2022年2月、市島酒造から王紋酒造へ改名。4月には新発田市の新しい観光スポットとして物産館「五階菱」をオープンさせた。今後も新しい試みを次々実行していこうとしている同蔵の今について、杜氏の田中毅さんはこう話します。
1790年代に市島秀松が創業した、市島酒造を2022年2月に王紋酒造へと改名した理由について、長年、同蔵で杜氏を務める田中さんが教えてくれました。

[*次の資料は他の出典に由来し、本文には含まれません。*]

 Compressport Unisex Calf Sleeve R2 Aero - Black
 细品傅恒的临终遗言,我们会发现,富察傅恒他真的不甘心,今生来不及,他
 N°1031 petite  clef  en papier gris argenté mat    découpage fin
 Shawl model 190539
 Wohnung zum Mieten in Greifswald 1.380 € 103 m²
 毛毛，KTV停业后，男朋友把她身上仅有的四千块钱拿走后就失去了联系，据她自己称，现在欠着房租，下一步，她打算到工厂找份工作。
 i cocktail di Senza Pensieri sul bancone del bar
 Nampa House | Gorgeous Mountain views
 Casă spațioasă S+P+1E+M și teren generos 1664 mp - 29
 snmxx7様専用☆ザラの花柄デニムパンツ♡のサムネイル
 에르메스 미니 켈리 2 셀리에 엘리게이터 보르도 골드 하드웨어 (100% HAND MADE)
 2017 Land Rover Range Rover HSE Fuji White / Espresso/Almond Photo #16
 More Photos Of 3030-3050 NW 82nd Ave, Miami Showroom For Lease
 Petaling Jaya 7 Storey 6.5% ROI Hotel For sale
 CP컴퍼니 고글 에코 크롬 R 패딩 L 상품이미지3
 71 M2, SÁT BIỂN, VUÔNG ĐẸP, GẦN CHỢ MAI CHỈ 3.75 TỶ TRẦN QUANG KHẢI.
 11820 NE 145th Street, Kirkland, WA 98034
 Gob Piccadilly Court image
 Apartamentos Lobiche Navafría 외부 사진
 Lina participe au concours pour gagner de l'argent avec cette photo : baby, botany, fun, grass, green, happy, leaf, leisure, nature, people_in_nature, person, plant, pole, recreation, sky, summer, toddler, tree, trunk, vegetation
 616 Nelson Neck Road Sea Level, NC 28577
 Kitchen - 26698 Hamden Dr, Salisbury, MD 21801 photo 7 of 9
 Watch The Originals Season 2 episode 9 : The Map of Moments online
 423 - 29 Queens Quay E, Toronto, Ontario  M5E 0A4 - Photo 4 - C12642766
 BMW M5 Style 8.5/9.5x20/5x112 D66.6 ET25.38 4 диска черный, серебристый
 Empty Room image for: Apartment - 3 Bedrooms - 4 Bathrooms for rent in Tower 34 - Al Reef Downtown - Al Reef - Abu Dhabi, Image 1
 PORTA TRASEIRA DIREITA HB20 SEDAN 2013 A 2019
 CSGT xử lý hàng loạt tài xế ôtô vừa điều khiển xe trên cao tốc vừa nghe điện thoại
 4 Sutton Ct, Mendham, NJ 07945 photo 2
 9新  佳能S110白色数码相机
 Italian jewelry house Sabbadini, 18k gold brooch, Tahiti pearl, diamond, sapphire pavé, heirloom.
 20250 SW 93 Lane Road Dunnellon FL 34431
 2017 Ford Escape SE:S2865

「弊社は、創業以来、新発田市の中心で酒造りを行ってきました。観光蔵として、全国より数多くの方々に来訪していただきましたが、より高いブランディングを図ろうと考えた結果、改名することとしました」
創業当時には、諏訪神社前に位置していたことから看板銘柄を「諏訪盛」としていたが、大正末期から新たな看板銘柄として「王紋」を生み出した同蔵。以来、蔵名よりも全国的に銘柄が浸透していったと田中さん。
「蔵の名前と看板銘柄が統一したことで、さらに多くの方々に酒も蔵も知っていただけるようになったと思います」
2022年4月には体験型酒蔵リゾートと銘打った「五階菱」が誕生した。館内には、新発田市内の他社銘柄や下越地区の名産品など、500を超える物産が所狭しと、並べられている。さらには、有料試飲コーナーや旧倉庫を利用したプロジェクション・マッピングコーナーなど、目や舌で体験する施設もそろっている。
「エンターテインメント施設として、楽しんでいただける空間づくりを大切にしました」
今回、新設したスポットはJR新発田駅から徒歩約5分。目と鼻の先には、同市出身の実業家・大倉喜八郎の別邸「蔵春閣」が移築され、2023年には一般公開が始まる。そのほか、新発田総鎮守・諏訪神社や日本庭園の清水園、風情ある寺町通りなど、かつて城下町だった新発田市の風情を感じられるその中心に蔵は位置している。
「私たちの蔵やお酒に興味を持っていただき、まずは来訪いただく。そして、この場所を起点に新発田市を散策していただき、この街の魅力をいろいろな方々に知ってもらいたい。日本酒から始まる街づくりに取り組みたい」
五階菱創設も城下町プロジェクトと題した、壮大な試みの一環。生まれ育った街・新発田の活性化や経済の立て直しの一役を担えたら……。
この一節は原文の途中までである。